Description of the task ▸ Nothing but the lines from the one including "Teacup pomeranian boo yavrumuz" through the last line of the entries, restated exactly, should appear in the answer; omit the pictures.

● ● ● ● ●

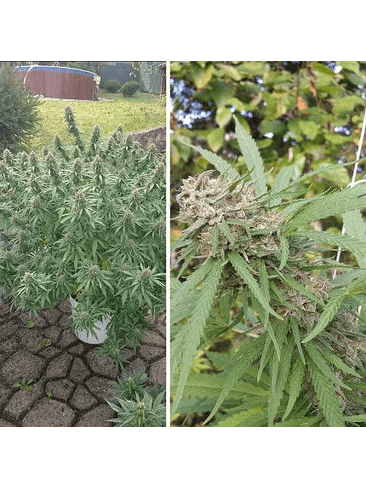 ORANGE BUD AUTO X3 2X1 -DUTCH PASSION 2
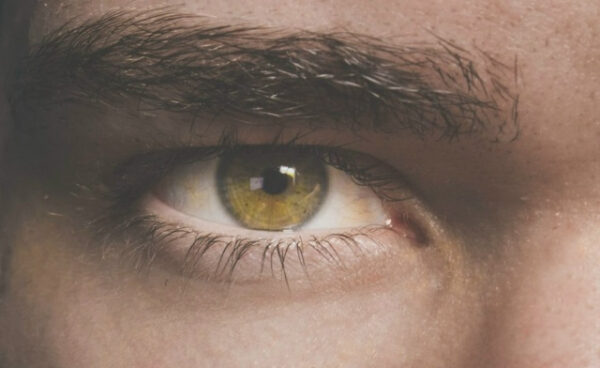 cd0dc2d21ea5985cbbace1c009163637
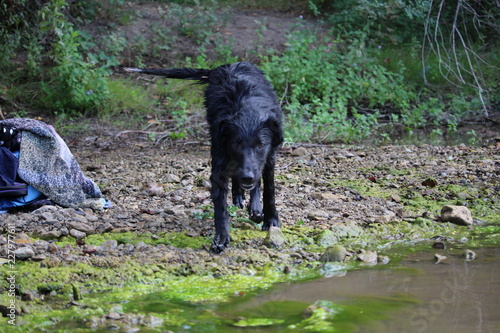 chien    la rivi  re cane corso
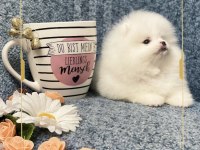 Teacup pomeranian boo yavrumuz
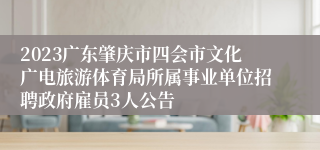 2023广东肇庆市四会市文化广电旅游体育局所属事业单位招聘政府雇员3人公告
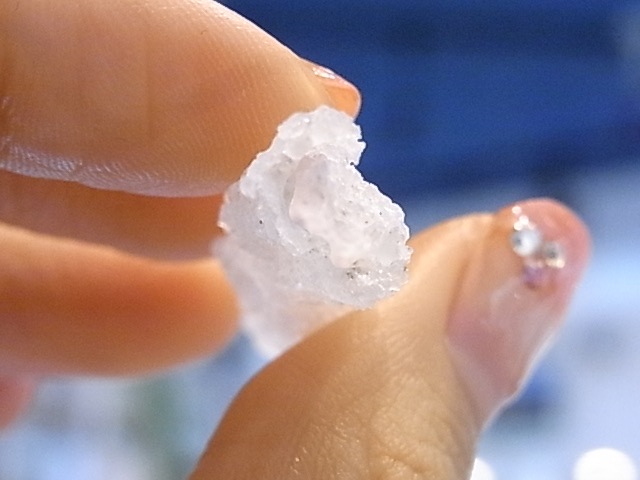 BU00207F �ե륰�饤��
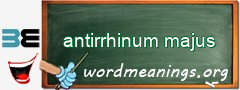 WordMeaning blackboard for antirrhinum majus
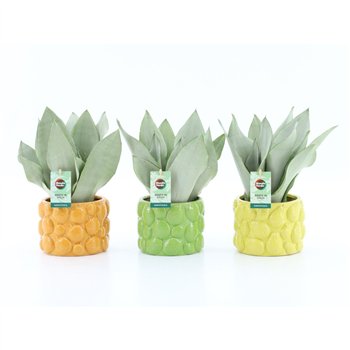 Taščin jezik - Sanseveria trifasciata moonshine Moonshine in Dolce Frutta 3 pp 35cm 15cm Q4647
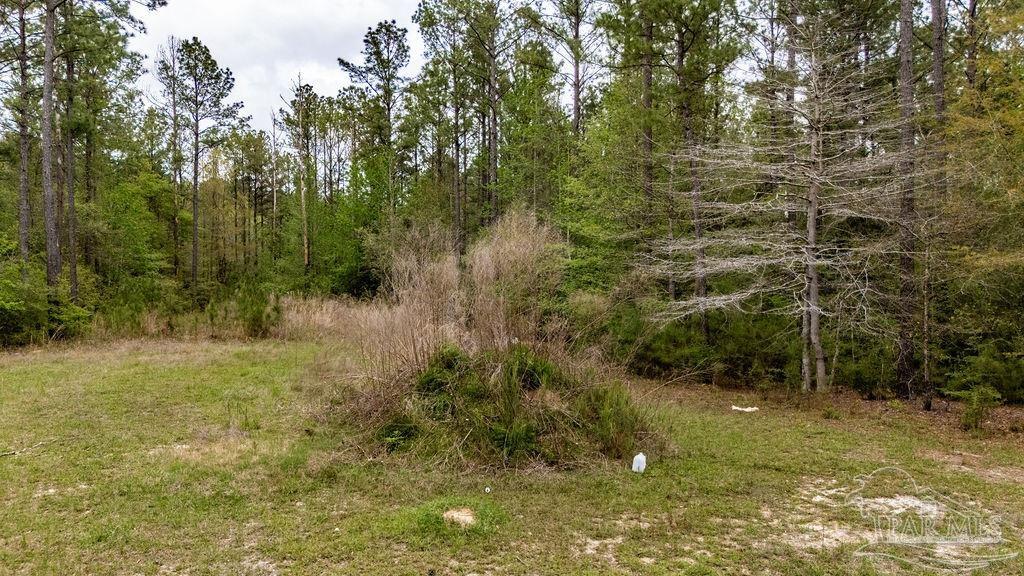 4660 Morristown Road Jay, FL 32565 - Photo 37 of 50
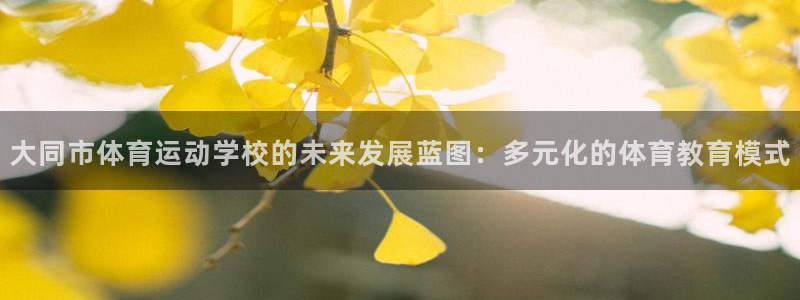 球王会体育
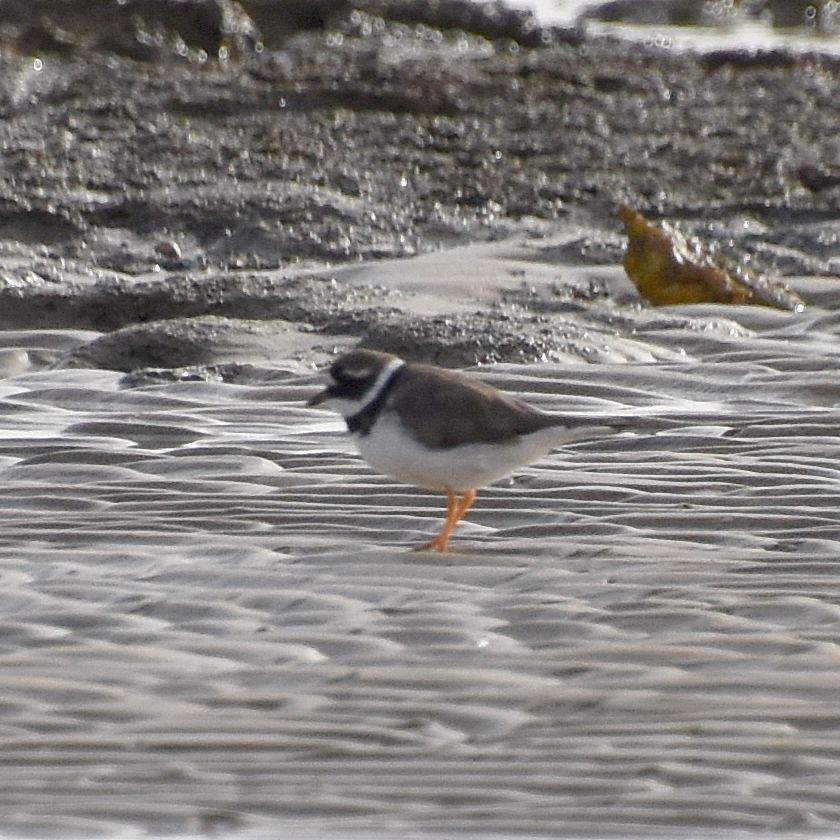 Common Ringed Plover - ML615860838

● ● ● ● ●

Completed task ▸
 Teacup pomeranian boo yavrumuz
 2023广东肇庆市四会市文化广电旅游体育局所属事业单位招聘政府雇员3人公告
 BU00207F �ե륰�饤��
 WordMeaning blackboard for antirrhinum majus
 Taščin jezik - Sanseveria trifasciata moonshine Moonshine in Dolce Frutta 3 pp 35cm 15cm Q4647
 4660 Morristown Road Jay, FL 32565 - Photo 37 of 50
 球王会体育
 Common Ringed Plover - ML615860838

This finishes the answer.